OECD raises Türkiye’s economic growth forecast for 2022

Global economic growth is slowing more than it was forecast a few months ago in the wake of Russia’s invasion of Ukraine, as energy and inflation crises risk snowballing into recessions in major economies, the Organization for Economic Cooperation and Development (OECD) warned Monday.

The Paris-based policy forum, though, sees the Turkish economy growing more than it estimated this year, following in the footsteps of several international financial organizations that also revised their forecasts upward after a stronger than expected second-quarter expansion.

While global growth this year is still expected at 3%, it is now projected to slow to 2.2% in 2023, revised down from a forecast in June of 2.8%, the OECD said in a bleak report titled “Paying the Price of War.”

The organization is particularly pessimistic about the outlook in Europe – the most directly exposed economy to the fallout from Russia’s war in Ukraine, which it said has aggravated inflationary pressure when the cost of living was already rising quickly.
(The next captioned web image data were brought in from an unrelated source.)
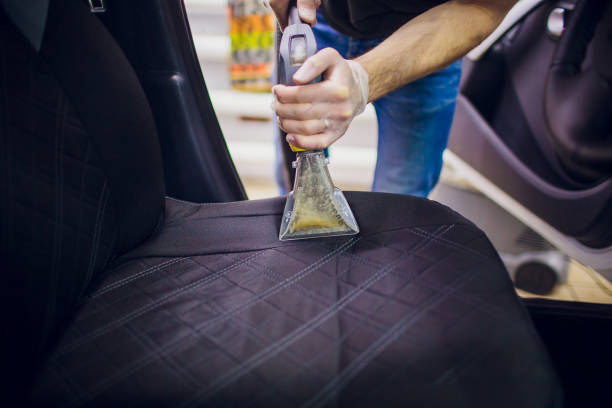 istock Car interior textile seats chemical cleaning with professionally extraction method. 1148715497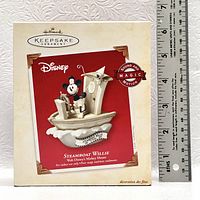 Photo of the front of the packaging showing the Steamboat Willie ornament with ruler for size reference.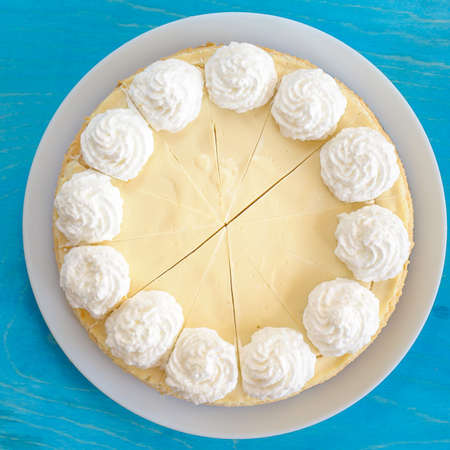 classic cheesecake on a white plate, decorated with creamの写真素材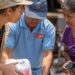 UNFPA Myanmar A UNFPA staff member distributes relief supplies to a woman affected by the March earthquakes in Myanmar.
Global output next year is now projected to be $2.8 trillion lower than the OECD forecast before Russia attacked Ukraine – a loss of income worldwide equivalent in size to the French economy.

“The global economy has lost momentum in the wake of Russia’s unprovoked, unjustifiable and illegal war of aggression against Ukraine. GDP growth has stalled in many economies and economic indicators point to an extended slowdown,” OECD Secretary-General Mathias Cormann said in a statement.
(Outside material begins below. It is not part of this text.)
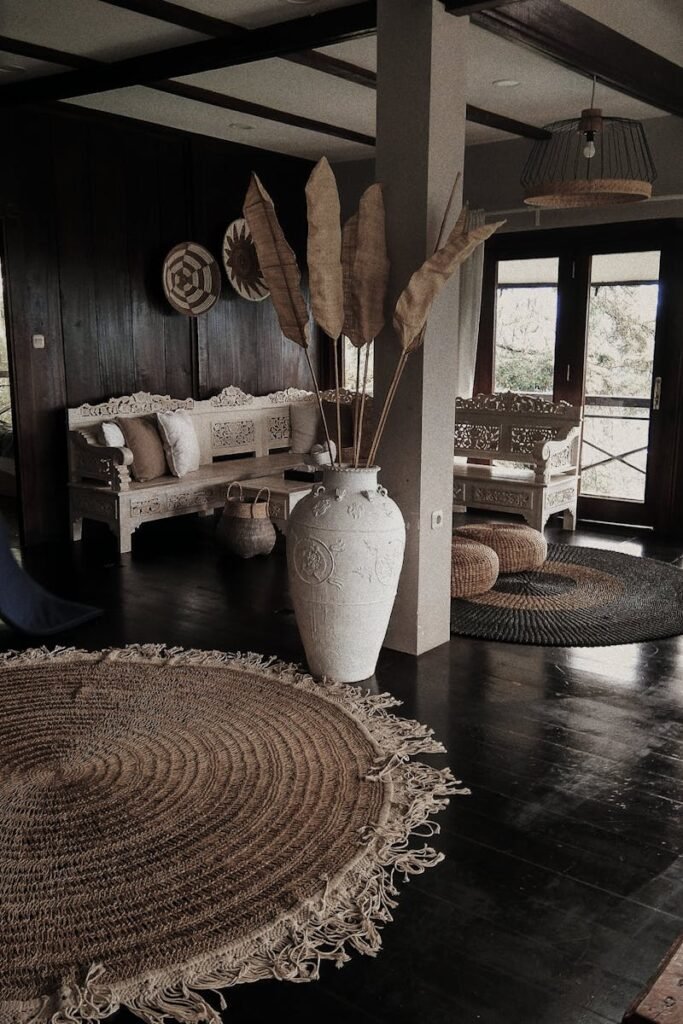 Cozy rustic living room with natural decor and vintage furniture, bathed in sunlight.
The OECD projected eurozone economic growth would slow from 3.1% this year to only 0.3% in 2023, which implies the 19-nation shared currency bloc would spend at least part of the year in a recession, defined as two straight quarters of contraction.

That marked a dramatic downgrade from the OECD’s last economic outlook in June, when it had forecast the eurozone’s economy would grow 1.6% next year.